Planning and Preparing for COVID-19 (Coronavirus)
We know that communities and providers across the country are working around the clock to prepare for potential COVID-19 (coronavirus) outbreaks and their impacts on people experiencing homelessness. Here are a few key recommendations and resources to support your efforts, including several materials developed by the Center for Disease Control and Prevention (CDC) and the Department of Housing and Urban Development (HUD).
1. Collaborate. Homelessness service systems should work closely with local government, public health systems, and health care facilities to ensure that people experiencing homelessness have access to safe and adequate shelter or housing and medical care if they become ill with COVID-19. We strongly encourage all homelessness services system staff, VA Medical Centers and homeless programs, public health departments, Health Care for the Homeless programs, and homeless outreach teams to immediately convene discussions to plan local responses to COVID-19 infections among people experiencing homelessness.
2. Plan and prepare. The CDC and HUD have developed guidance to support preparation and planning efforts. If you have not begun to use these resources, the time is now.
- Use preventative strategies and have supplies on hand. CDC recommends several preventative strategies that homelessness service providers, including emergency shelters, can begin implementing immediately. Supplies include soap, alcohol-based hand sanitizers that contain at least 60% alcohol, tissues, trash baskets, and disposable face masks. If you are having trouble accessing necessary supplies in your community, contact your state and local health departments to determine ways to increase your inventory.
- Develop or update your emergency operations plan. Identify a list of key contacts at your state and local health departments, identify health care facilities to make referrals to, if and when necessary, and include contingency plans for staffing as described below.
- Develop staffing contingency plans. If possible, develop flexible attendance and sick-leave policies. Staff (and volunteers) may need to stay home when they are sick, caring for a sick household member, or caring for their children in the event of school dismissals. Identify critical job functions and positions, and plan for alternative coverage by cross-training staff members.
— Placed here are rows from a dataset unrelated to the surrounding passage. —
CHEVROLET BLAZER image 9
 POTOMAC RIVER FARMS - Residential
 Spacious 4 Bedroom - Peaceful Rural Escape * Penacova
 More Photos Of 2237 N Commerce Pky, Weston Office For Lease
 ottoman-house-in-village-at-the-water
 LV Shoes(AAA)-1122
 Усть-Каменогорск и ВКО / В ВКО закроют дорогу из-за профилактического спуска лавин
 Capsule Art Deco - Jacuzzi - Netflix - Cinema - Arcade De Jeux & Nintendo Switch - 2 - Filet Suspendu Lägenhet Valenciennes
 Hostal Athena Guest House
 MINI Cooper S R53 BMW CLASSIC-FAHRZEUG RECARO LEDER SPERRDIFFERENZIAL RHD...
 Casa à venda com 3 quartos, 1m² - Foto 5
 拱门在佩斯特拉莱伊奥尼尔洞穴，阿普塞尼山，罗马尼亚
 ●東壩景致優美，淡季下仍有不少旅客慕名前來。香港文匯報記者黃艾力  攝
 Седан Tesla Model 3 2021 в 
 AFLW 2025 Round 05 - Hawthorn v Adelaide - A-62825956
3. Ensure your planning encompasses these four groups of people experiencing homelessness. Homelessness services systems, in coordination with public health partners, should plan responses for the following groups:
- People experiencing unsheltered homelessness, including those living in encampments
- People residing in sheltered locations, including emergency shelter, transitional housing, and other temporary locations
- People living in permanent housing programs, including permanent supportive housing
- Children and youth experiencing homelessness
Programs should not preemptively deny site access to individuals experiencing homelessness who are exhibiting influenza-like symptoms without consulting local health authorities. Further, public health departments should be identifying appropriate quarantine venues for highly vulnerable people, including people experiencing homelessness, to receive treatment if they are symptomatic and/or screen positive for COVID-19 but are not ill enough for hospital-level care. Homelessness service systems and individual providers should collaborate with their state and local public health departments to help them determine where people can go in the event that quarantine is necessary.
4. Seek training and stay up to date. Homelessness services system staff and volunteers will need ongoing and up-to-date information and training to protect people experiencing homelessness and themselves from potential exposures to COVID-19. The homelessness services system should seek information and training from public health departments to meet their personal safety concerns and to respond to people experiencing homelessness who have been exposed to infection. Homelessness services providers and facilities can begin implementing infection prevention techniques to protect both consumers and staff immediately.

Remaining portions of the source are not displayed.